STEADMAN, Associate Judge:
Petitioner Askin seeks review of a July 13, 1984, decision and order of the Rental Housing Commission (the “RHC”) reversing a July 30, 1980, decision of a Rental Accommodations Office (“RAO”) hearing examiner, which approved a voluntary rent increase for petitioner’s property. Respondent RHC challenges Askin’s petition before this court, claiming that we lack jurisdiction because Askin did not timely file his petition for review with this court. In the alternative, respondent asks that we remand these proceedings for further consideration by RHC. Petitioner, of course, asks us to address the merits. Before discussing any questions relating to the merits, we shall consider the parties’ jurisdictional arguments.
I.
The Facts
On November 28, 1979, Askin filed a voluntary rent increase agreement with the Rent Administrator of the RAO for property at 2526 17th St. N.W.
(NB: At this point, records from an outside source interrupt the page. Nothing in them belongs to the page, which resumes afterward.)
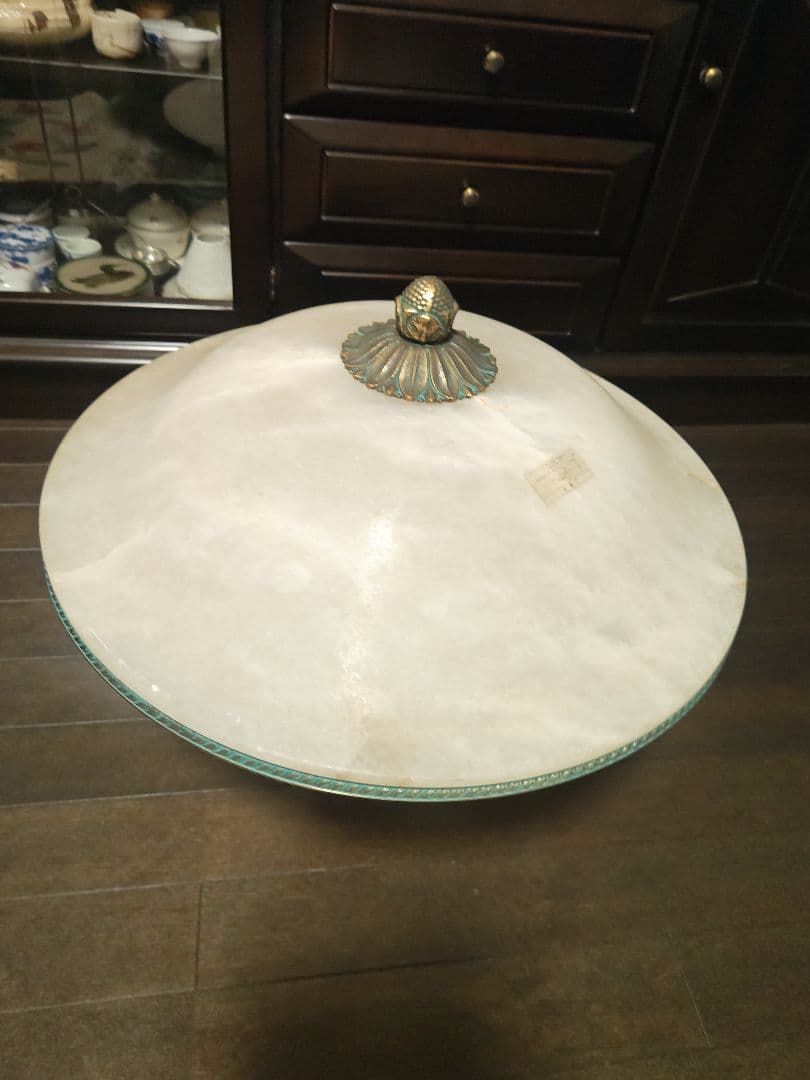 残りの1台、大塚家具で購入したシーリング灯です。1基186,000円、写真追加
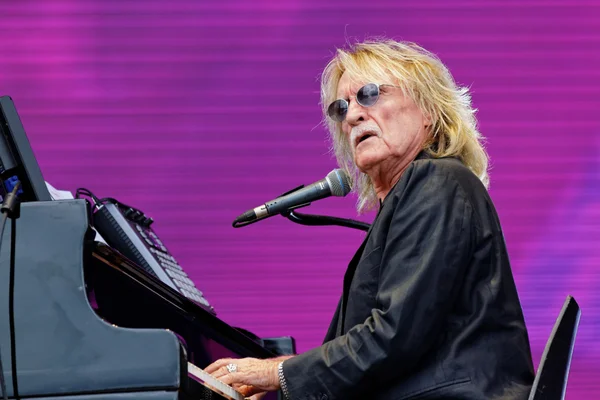 Christophe en concert au festival des Vieilles Charrues 2014, interprétant ses chansons avec son look dandy emblématique.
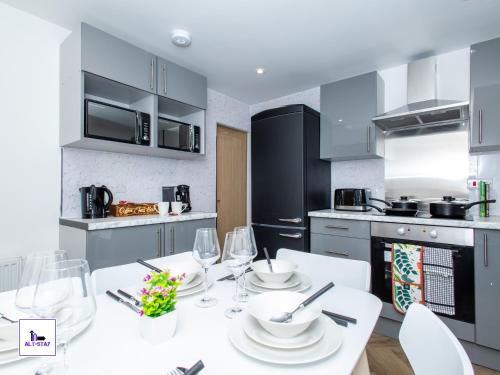 Facilities, Ledger by Alt-Stay Contractor Accommodation - 4 Bed Contractor Home With Parking, Wi-Fi & Full Kitch in Lofthouse (Leeds)
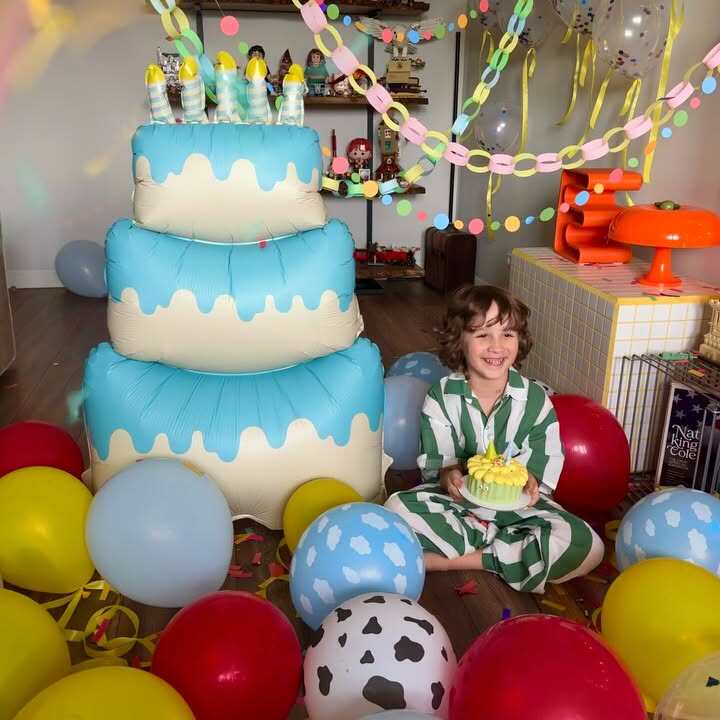 蓝色三层奶油大蛋糕气球站立款男孩生日节日派对装饰用品拍照道具,淘宝优惠券,粉丝福利购,淘宝优惠卷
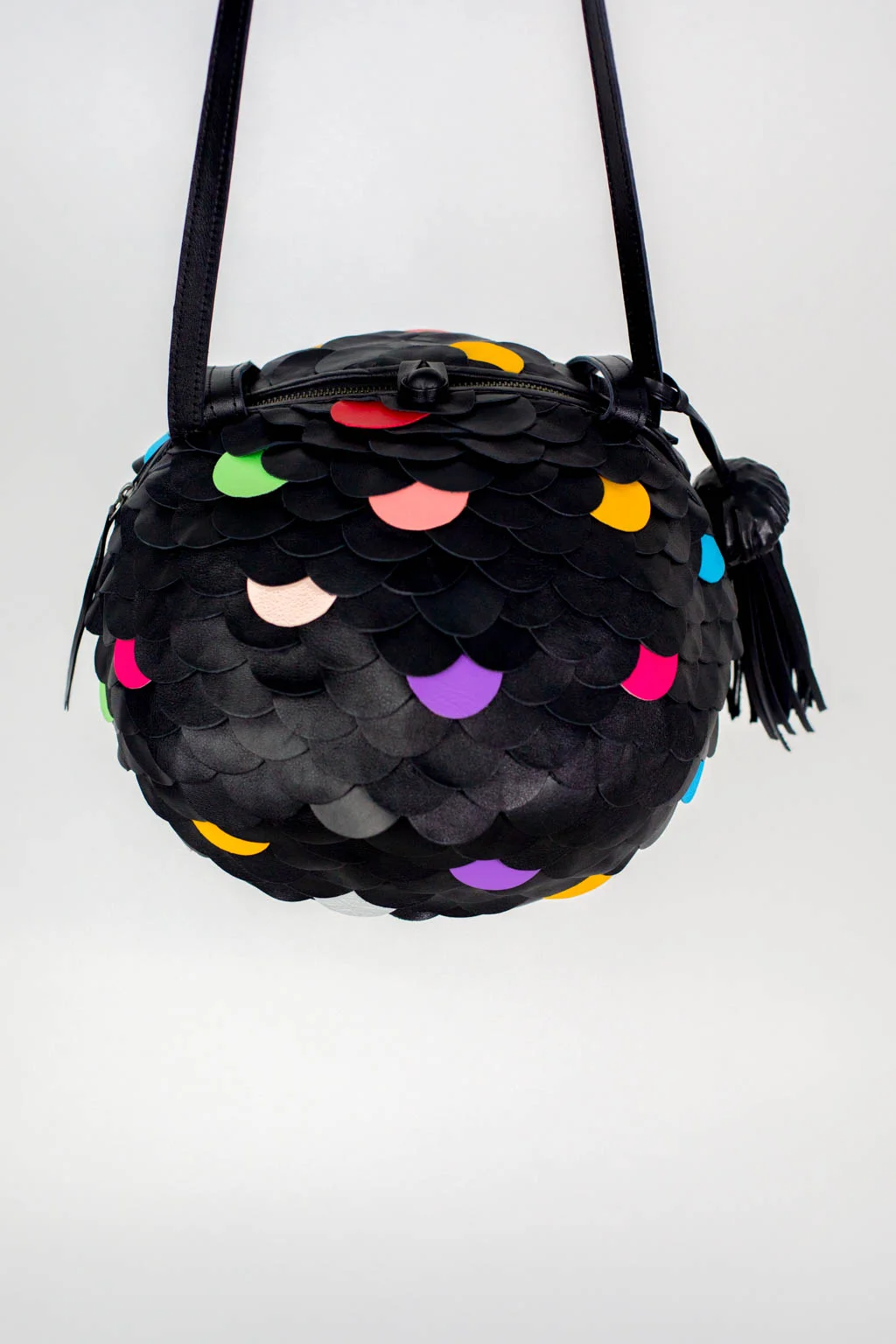 Starchie-Product_Shoot-Furball_Medium_Black-UNIFORM-11012019-3.jpg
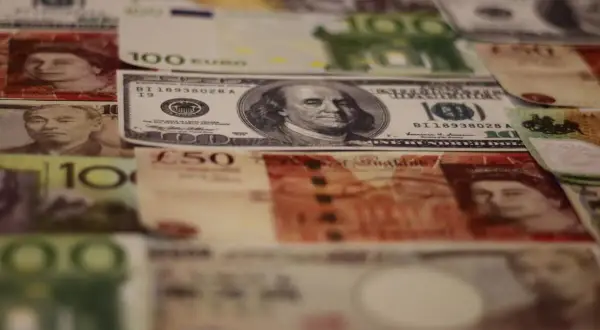 Różne waluty świata: dolar amerykański, euro, funt brytyjski i inne. Jaka to waluta? To bogactwo możliwości!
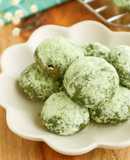 ほろほろ♡米粉の抹茶スノーボール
He filed his agreement pursuant to the Rental Housing Act of 1977 (“1977 Act”), D.C.Code § 45-1689(c) (1980 Supp.), which was then in effect.
On December 10,1979, an auditor for the Rent Administrator denied the increase; Askin immediately appealed this decision and asked for an expedited hearing. The hearing was held on March 5, 1980. The hearing examiner issued a decision on July 30,1980, upholding the rent increase agreements and reversing the earlier decision.
One of the tenants, Marjorie Goff,
appealed the July decision and another hearing date was set.
At an October 21, 1980 hearing, the Rental Accommodations Commission (the “RAC”) orally affirmed the July 1980 decision. On October 27, 1980, the tenants filed a Motion for Reconsideration and/or Clarification of the oral decision. Based on this motion, a third hearing was scheduled to review the July 1980 decision. It is not clear from the record whether this hearing, scheduled for March 3, 1981, ever occurred; Askin states that it did not. In any event, the RHC
issued a Proposed Decision and Order on September 16, 1982, reversing the July 1980 decision. Askin promptly filed objections to the proposed decision and order. On July 13, 1984, the RHC finally rendered a Decision and Order,
substantially adopting the earlier proposed decision. The order noted that because the case was filed under the 1977 Act, the provisions of that Act on voluntary agreements controlled.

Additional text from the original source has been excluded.